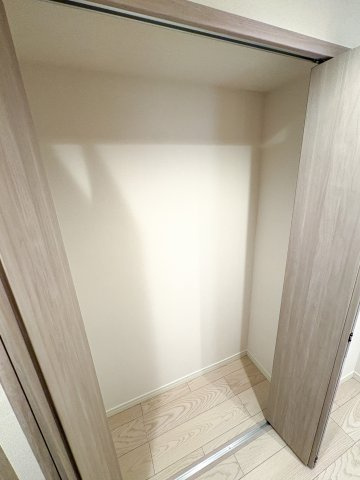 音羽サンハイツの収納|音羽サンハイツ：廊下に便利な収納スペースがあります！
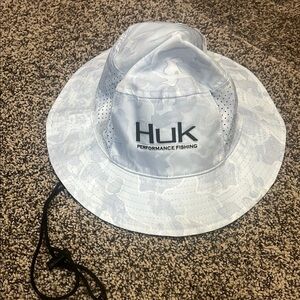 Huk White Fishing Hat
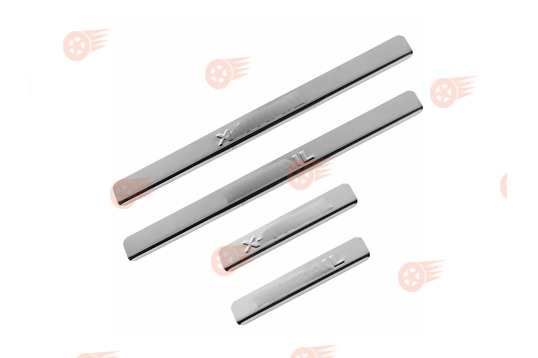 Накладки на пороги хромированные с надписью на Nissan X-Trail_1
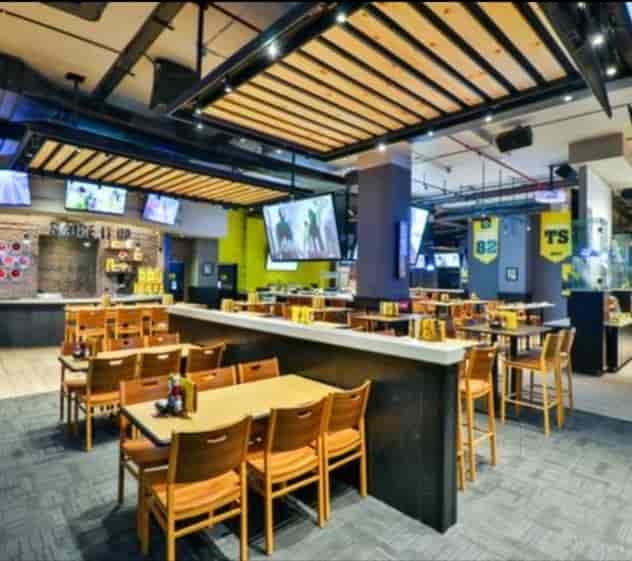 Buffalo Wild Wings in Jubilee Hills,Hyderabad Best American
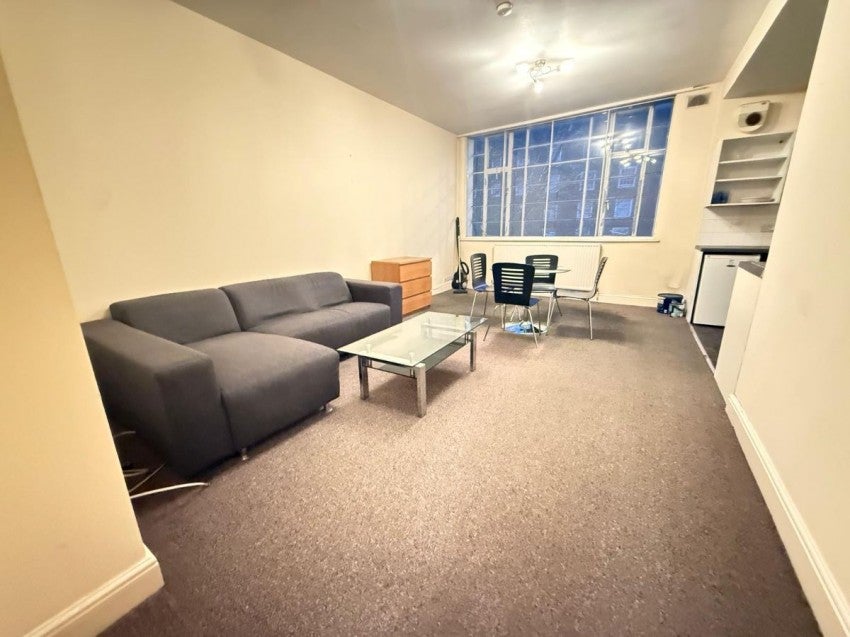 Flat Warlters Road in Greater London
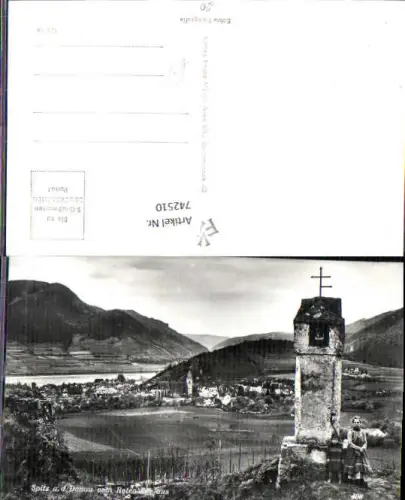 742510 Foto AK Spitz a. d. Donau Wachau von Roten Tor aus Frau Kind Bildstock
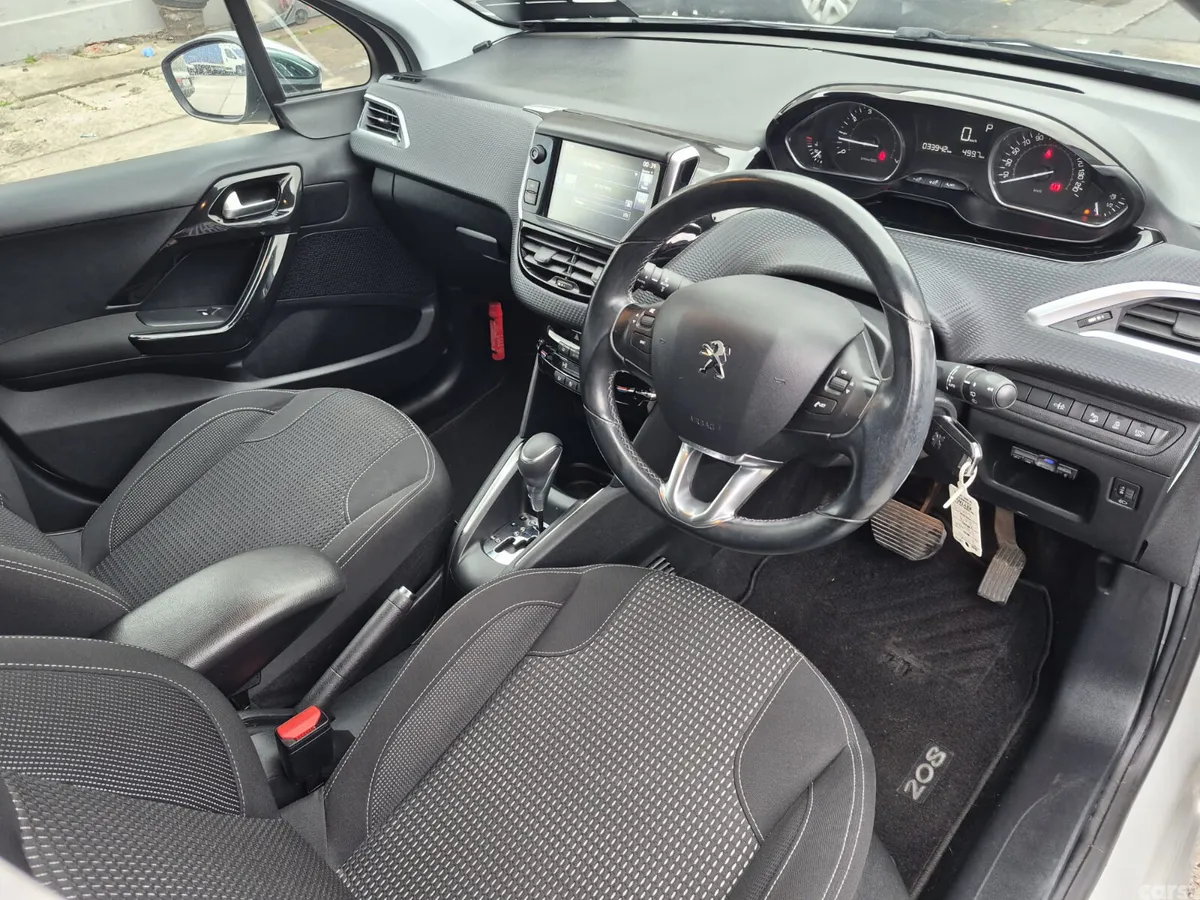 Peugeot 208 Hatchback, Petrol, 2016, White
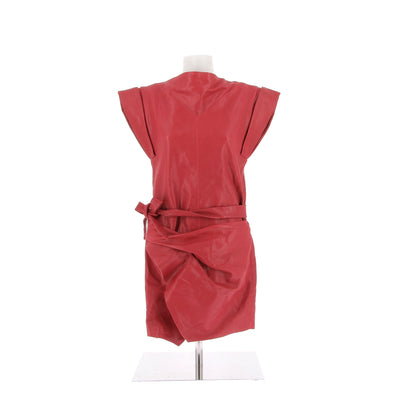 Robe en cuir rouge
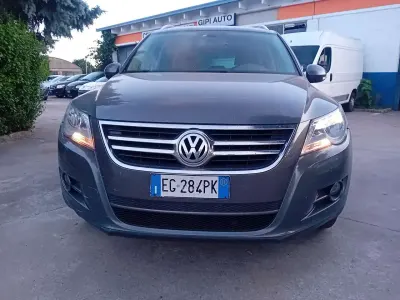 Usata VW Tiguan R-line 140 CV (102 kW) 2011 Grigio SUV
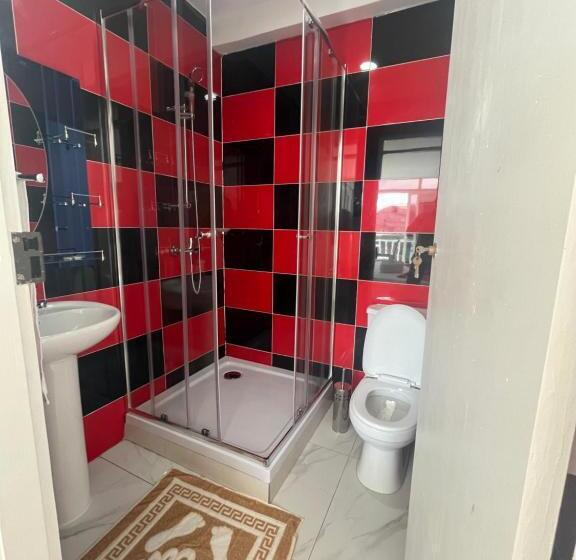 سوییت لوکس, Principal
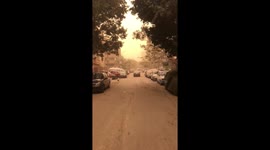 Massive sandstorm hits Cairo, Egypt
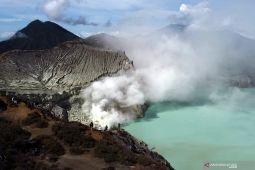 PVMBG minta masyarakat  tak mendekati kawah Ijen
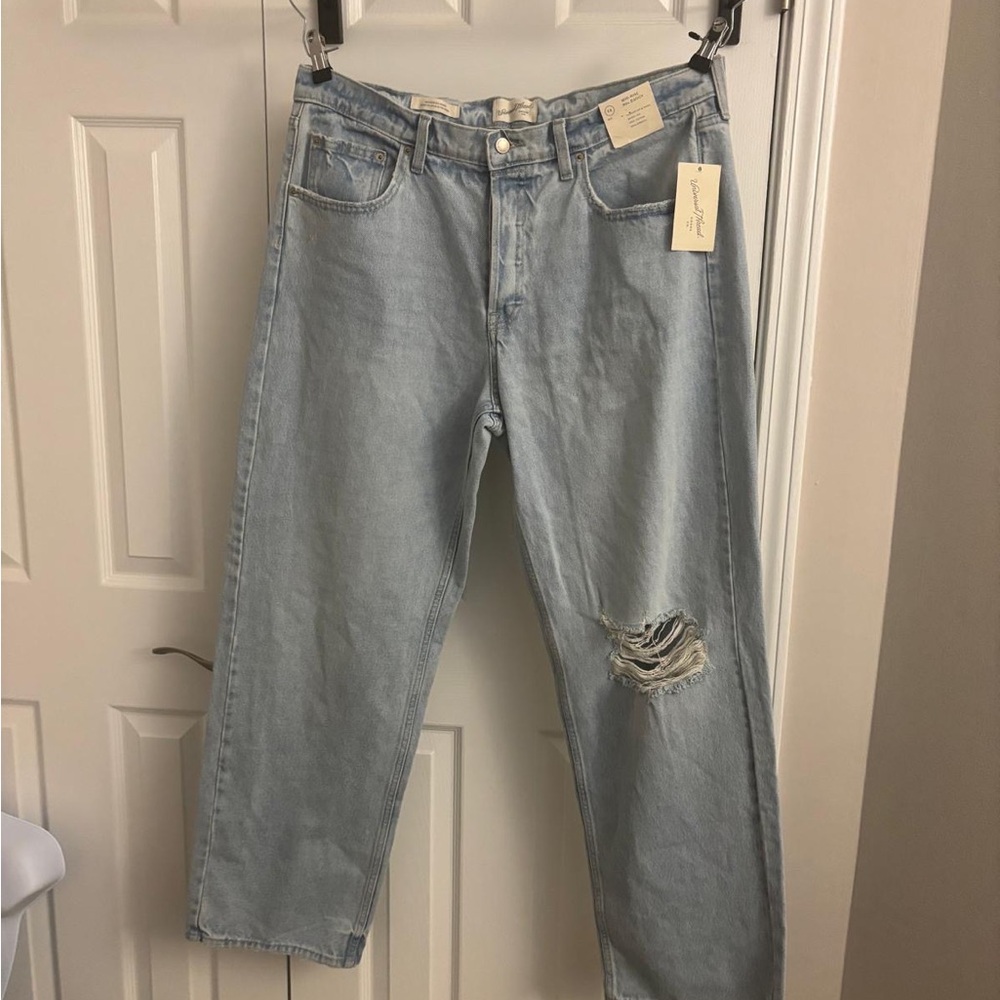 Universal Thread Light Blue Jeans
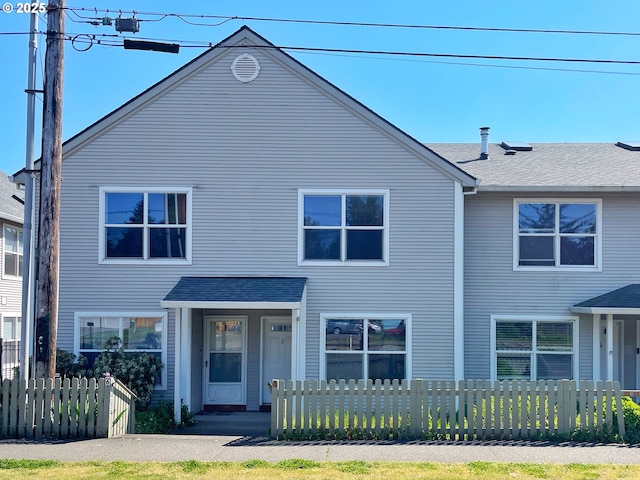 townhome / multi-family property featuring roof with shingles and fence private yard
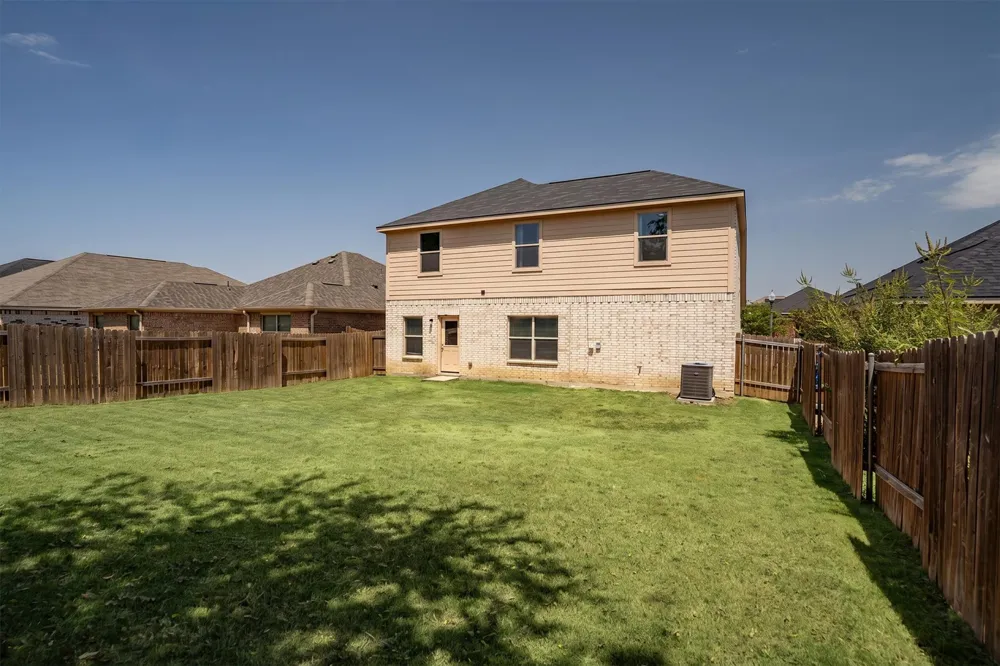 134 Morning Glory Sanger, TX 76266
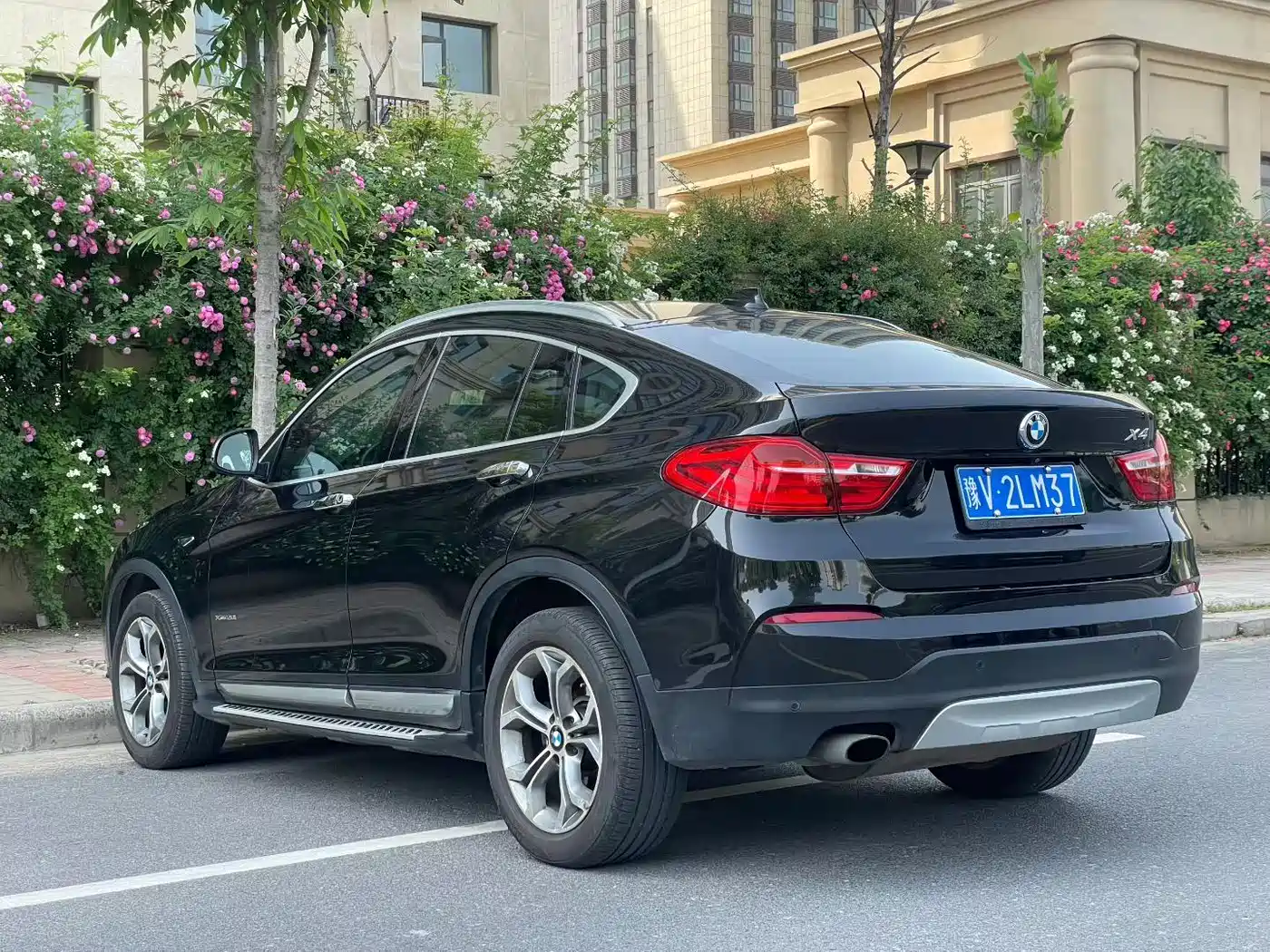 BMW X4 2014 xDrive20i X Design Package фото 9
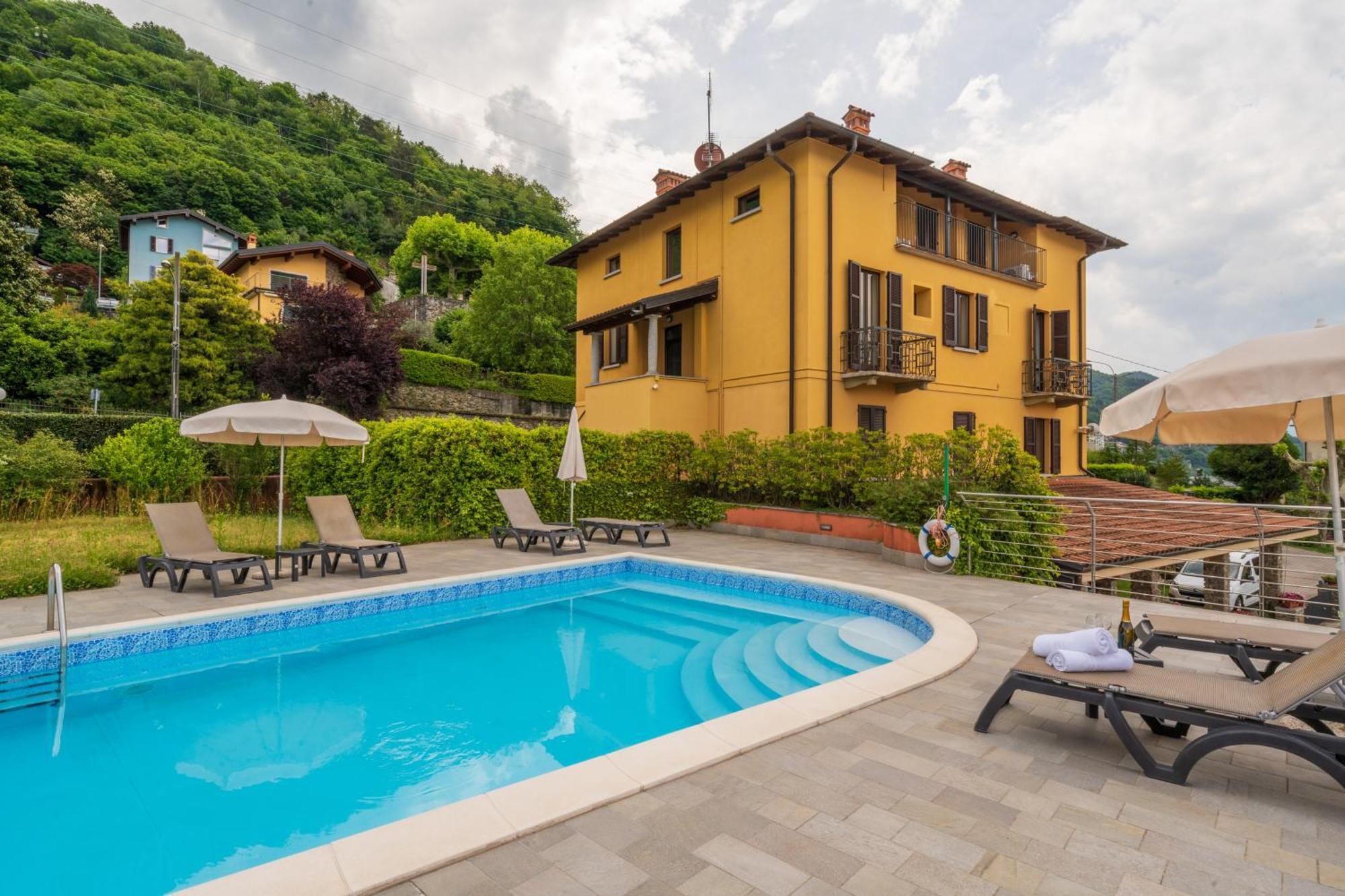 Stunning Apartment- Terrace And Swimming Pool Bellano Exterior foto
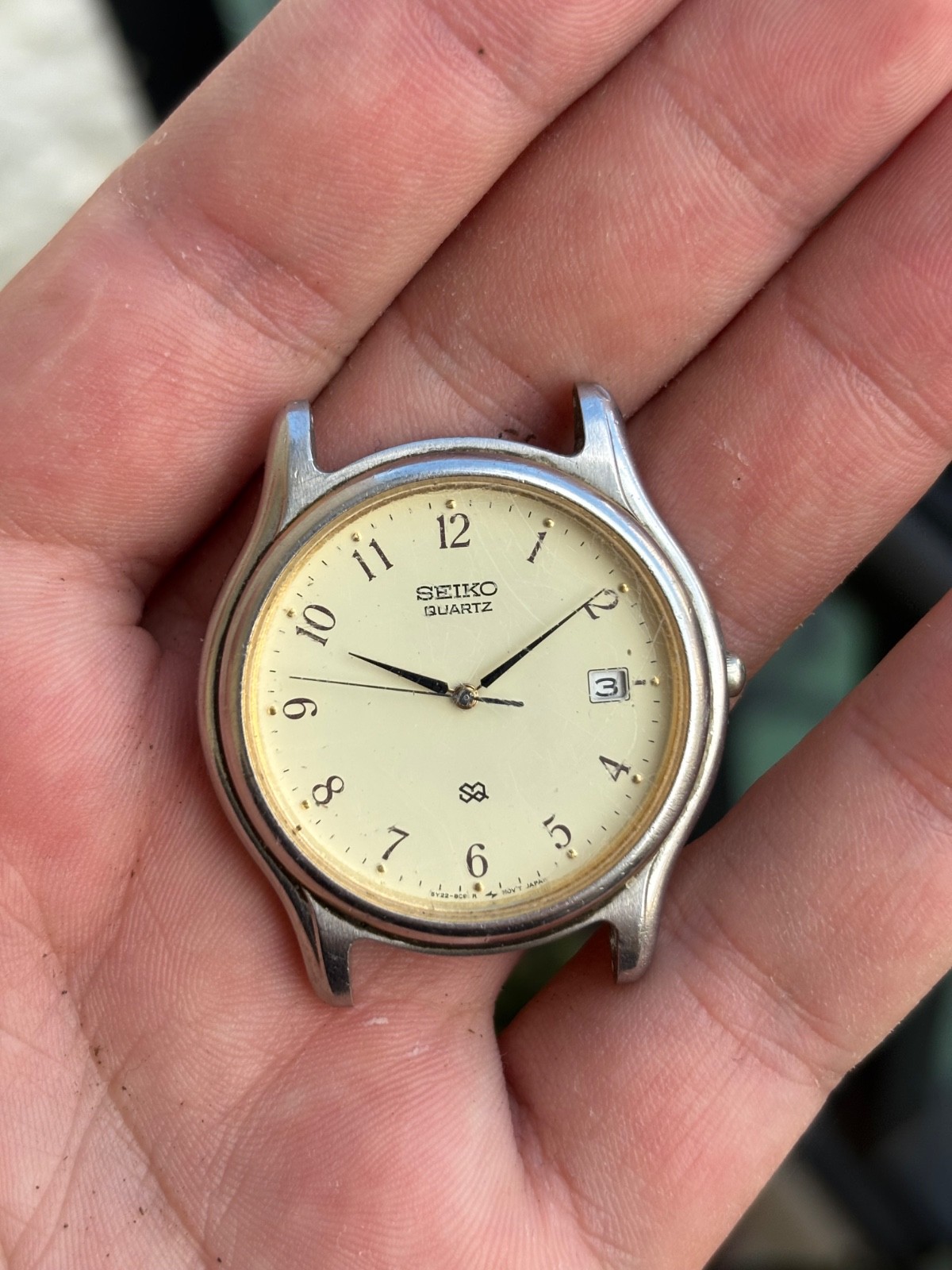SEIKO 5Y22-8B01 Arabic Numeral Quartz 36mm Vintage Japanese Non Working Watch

....

■ **Activity**
The answer is the lines of the material above, from the one containing "742510 Foto AK" down to the one containing "BMW X4 2014", given exactly and without images.

■ **Output of the exercise**
 742510 Foto AK Spitz a. d. Donau Wachau von Roten Tor aus Frau Kind Bildstock
 Peugeot 208 Hatchback, Petrol, 2016, White
 Robe en cuir rouge
 Usata VW Tiguan R-line 140 CV (102 kW) 2011 Grigio SUV
 سوییت لوکس, Principal
 Massive sandstorm hits Cairo, Egypt
 PVMBG minta masyarakat  tak mendekati kawah Ijen
 Universal Thread Light Blue Jeans
 townhome / multi-family property featuring roof with shingles and fence private yard
 134 Morning Glory Sanger, TX 76266
 BMW X4 2014 xDrive20i X Design Package фото 9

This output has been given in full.